Frequently Asked Questions

Q. What is the application deadline?
A. December 1st. If the first falls on a weekend, it will be the first Monday in December. Incomplete applications will not be reviewed by our Admissions Committee. It is recommended that international applicants apply by November 1st.

Q. Do you offer admittance more than once a year?
A. No. We accept students for only autumn.

Q. Can I apply to more than one program or department at the University of Washington at the same time? 
A. Yes. However, you must submit a separate application and pay an additional fee for each program to which you apply.

Q. Do you offer a Masters Degree Program?
A. No. Our program is designed for those seeking a Ph.D. degree.

Q. Is it recommended that I contact individual professors to request their support of my application?
A. No. Our first year students are required to complete three laboratory rotations before choosing a permanent lab.

Q. Is the GRE Exam required?
A. No. Do not submit GRE scores, they will not be considered in the application review.

Q. Is the TOEFL required for international students?
A. Yes. TOEFL requirement is 237 computer-based or 580 paper based. TOEFL scores are valid for 2 years.

Q. Is the TSE required for international students to be accepted into the program?
A. You do not need to take the TSE until after you are accepted into the program.

Q. Is funding available?
A. Yes. Typically, microbiology graduate students are supported by research or teaching assistantships. These positions provide a monthly stipend for living expenses, tuition waiver, and health benefits. Students are responsible for paying a student activity fee quarterly. Note: Students are encouraged to apply for training grants and fellowships (often international students are not eligible). Foreign applicants are advised that financial assistance in the form of a teaching assistantship cannot be awarded unless the applicant has scored above 580 on the Test of English as a Foreign Language.

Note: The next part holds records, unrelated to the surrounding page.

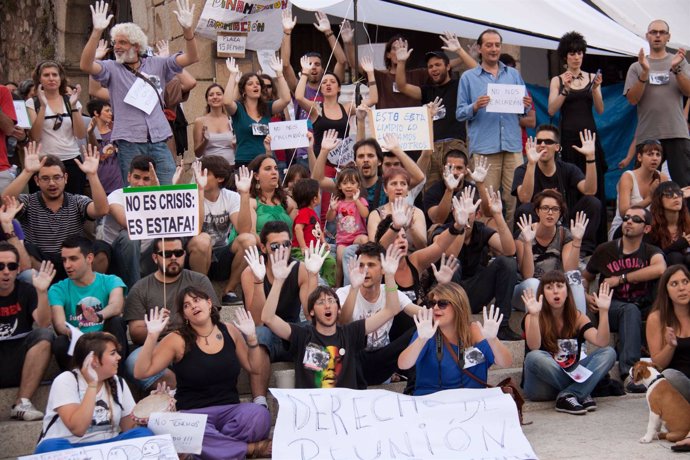 'Indignados' Protestando En Cáceres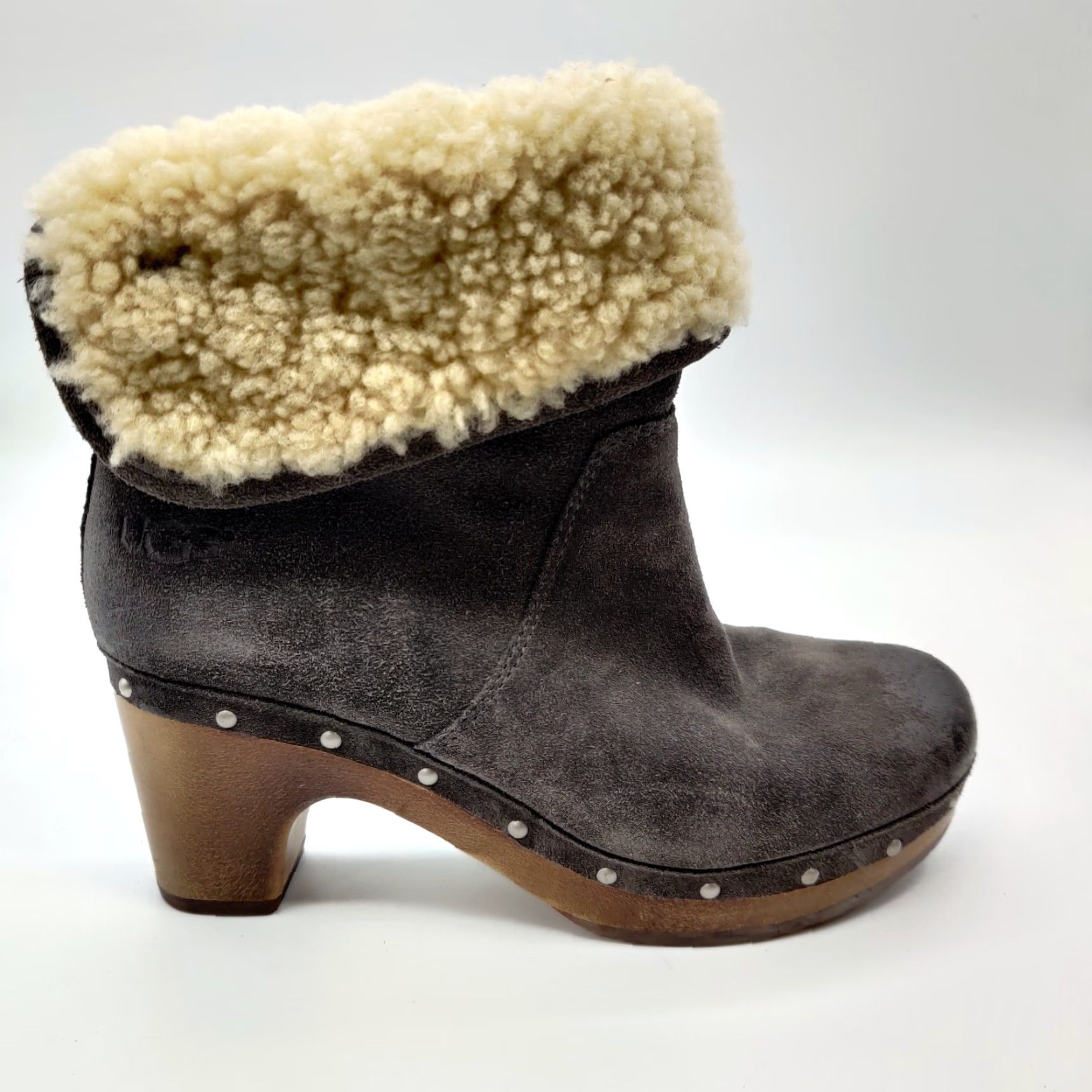 Ugg UGG Womens Lynnea Gray Suede Boots Size 5 Fold Over Sheepskin Shearling Lined Size US 5 / IT 35 - 6 Thumbnail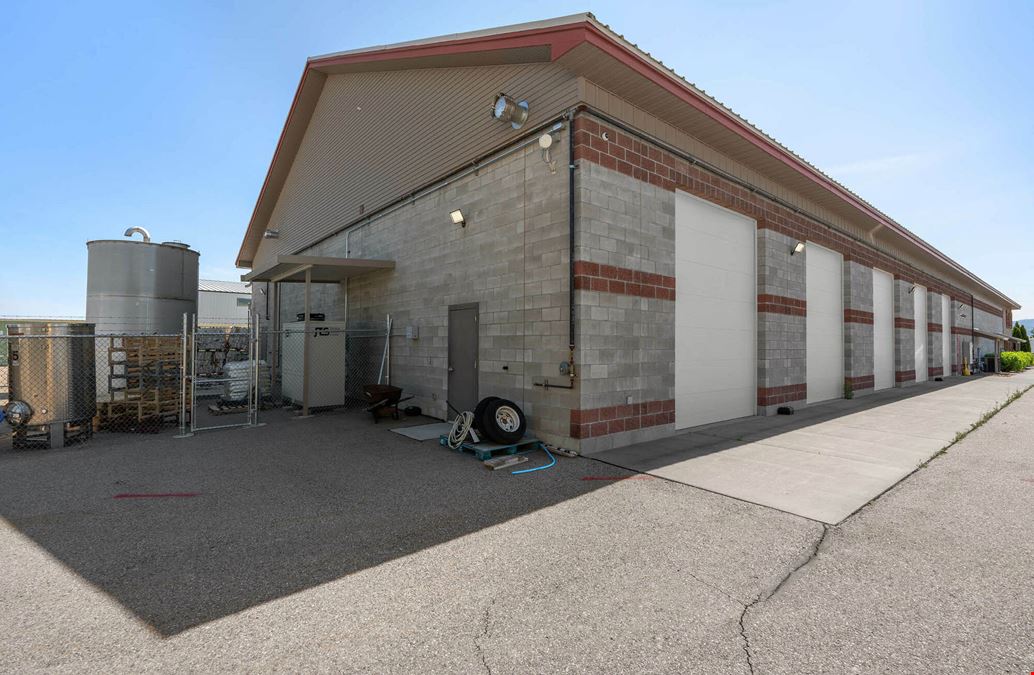 Absolute NNN-Leased, Flex/Industrial Building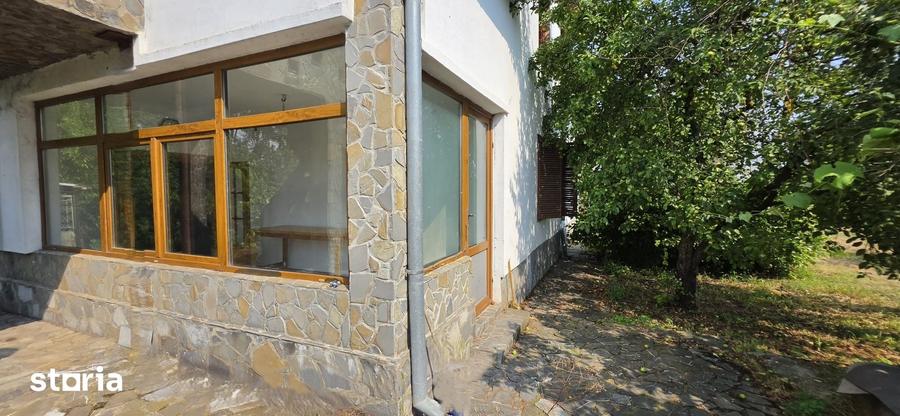 Casă cu 5 camere cu Teren 3000 Mp în Dârvari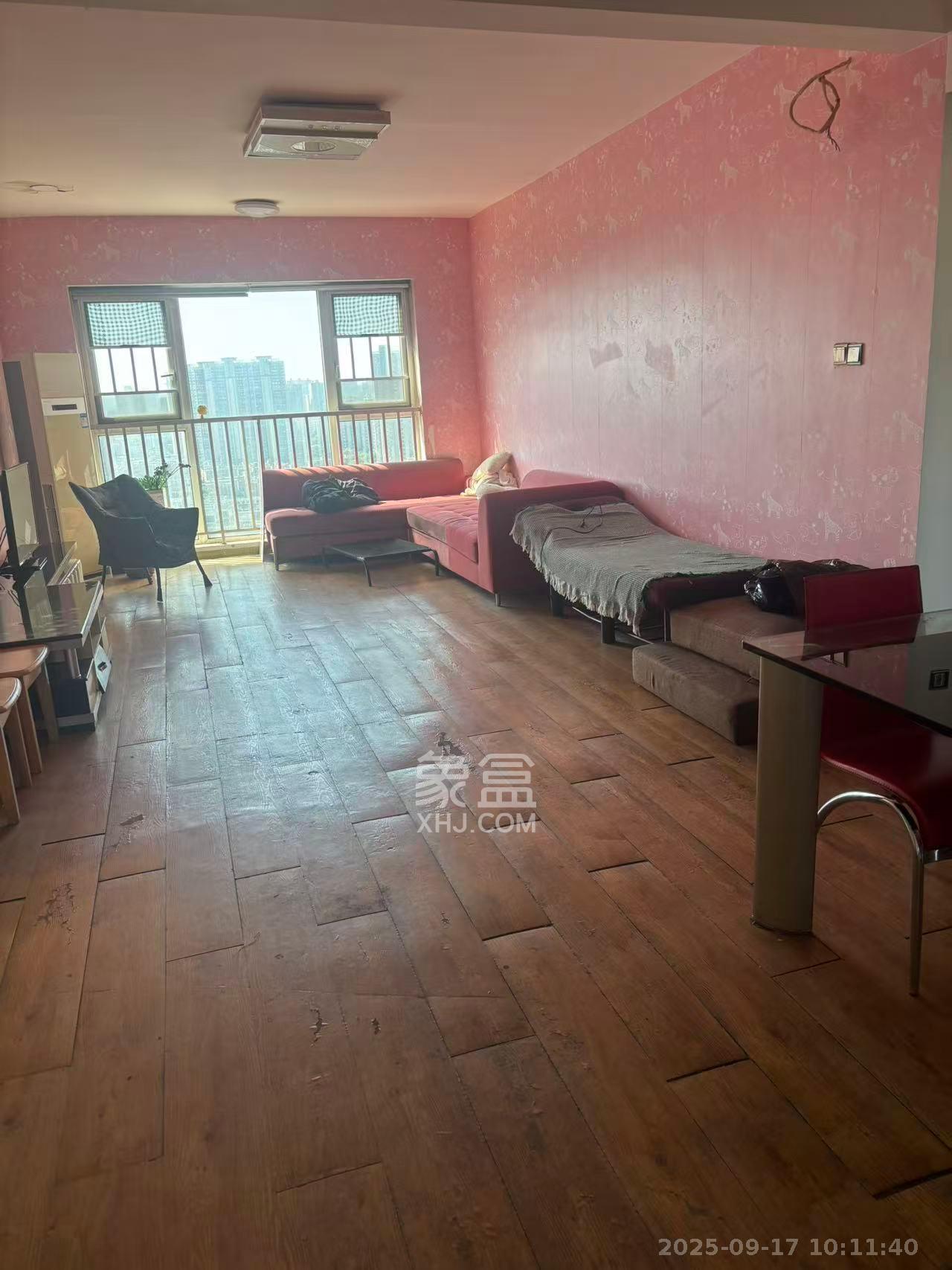 佳天瑞宁花园  3室2厅2卫    2600.0元/月 佳天瑞宁花园  3室2厅2卫    2600.0元/月室内图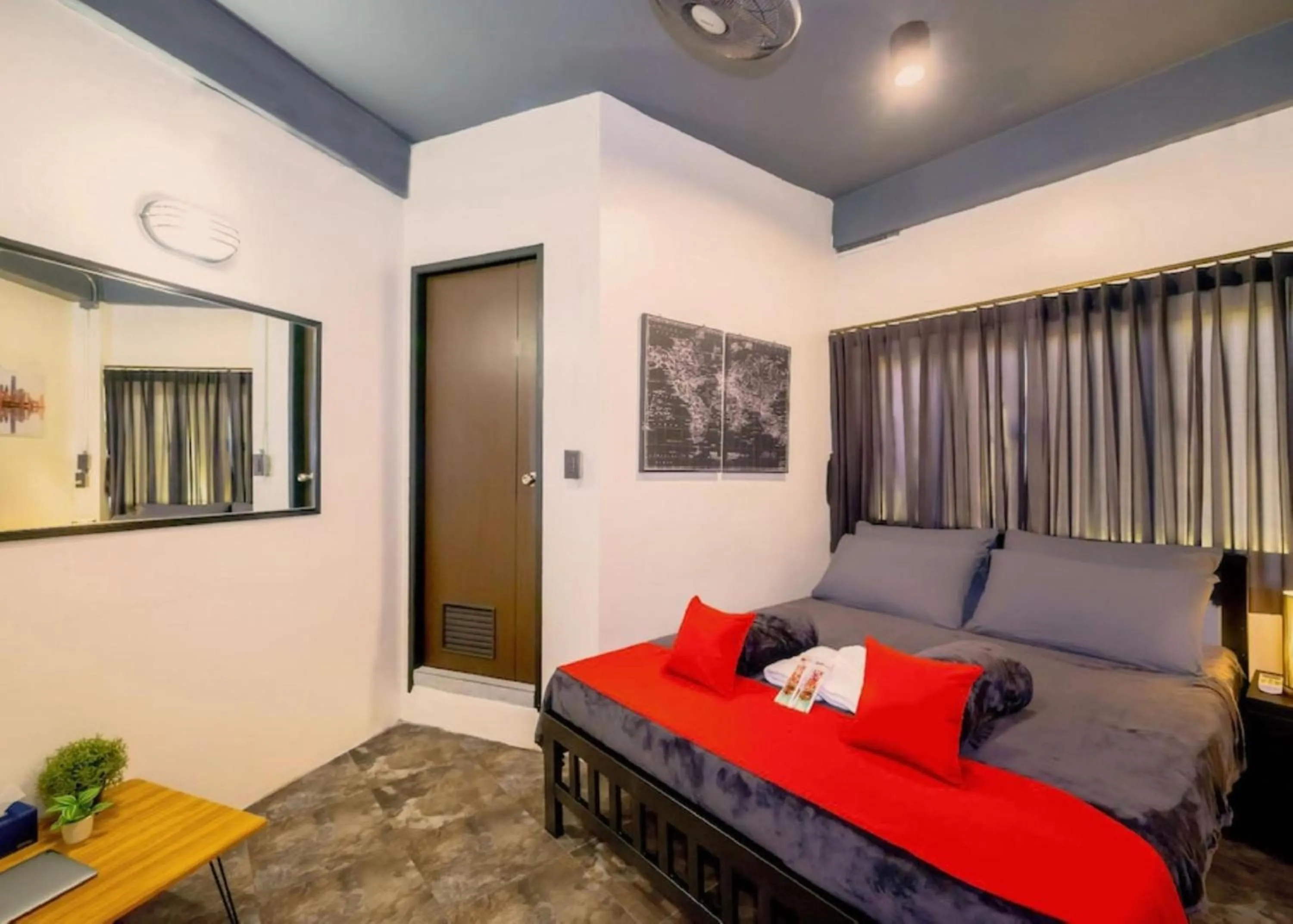 Superior Double Room in Episode 11 Hostel Sukhumvit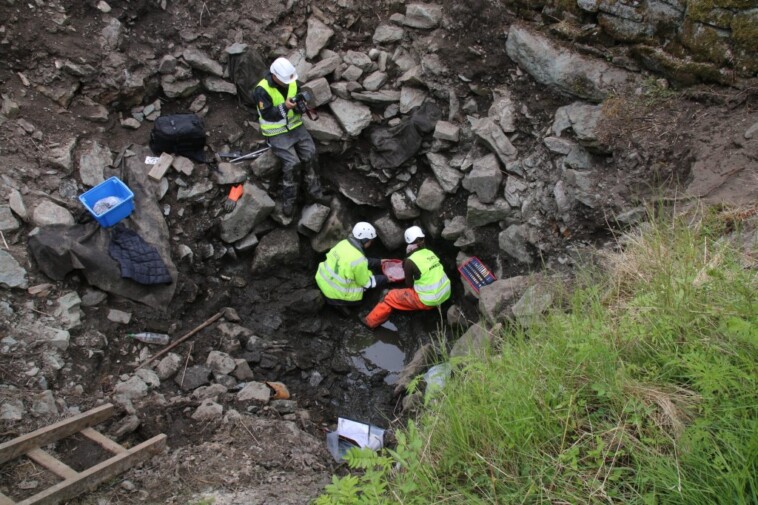 norwegian-scientists-uncover-disturbing-details-about-800-year-old-corpse-dumped-in-castle-well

Q. Can I be a part-time student?
A. No. We do not accept students on a part-time basis.

Undergraduate Program

The science of microbiology primarily encompasses the realms of bacteria and viruses, but also includes other microbes such as fungi and protozoa.

Despite a microscopic size, microorganisms influence the world of humans in monumental ways, ranging from infectious diseases to healthful living, and from food production to waste treatment. Microorganisms also sense and respond to their own world, fending off competitors and promoting their own propagation.

Our undergraduate program in Microbiology offers courses that provide an introduction to the microbial world as well as in depth studies of genetics, physiology, infectious disease, diversity, and structure of microorganisms. Nearly all undergraduate microbiology courses satisfy the Natural World (NW) requirement in the Areas of Knowledge component for a bachelors degree at the University of Washington.

For students interested in microbiology but not planning to major in the field, Microm 301 and 302 are good options. Microm 301 is a lecture course while Microm 302 is a hands-on laboratory course. Both Microm 301 and 302 are commonly required for students preparing to enter health science professions such as nursing, dentistry, pharmacy, and physical therapy.  If you have a strong biology background and want more focused content, our 400-level courses are excellent choices.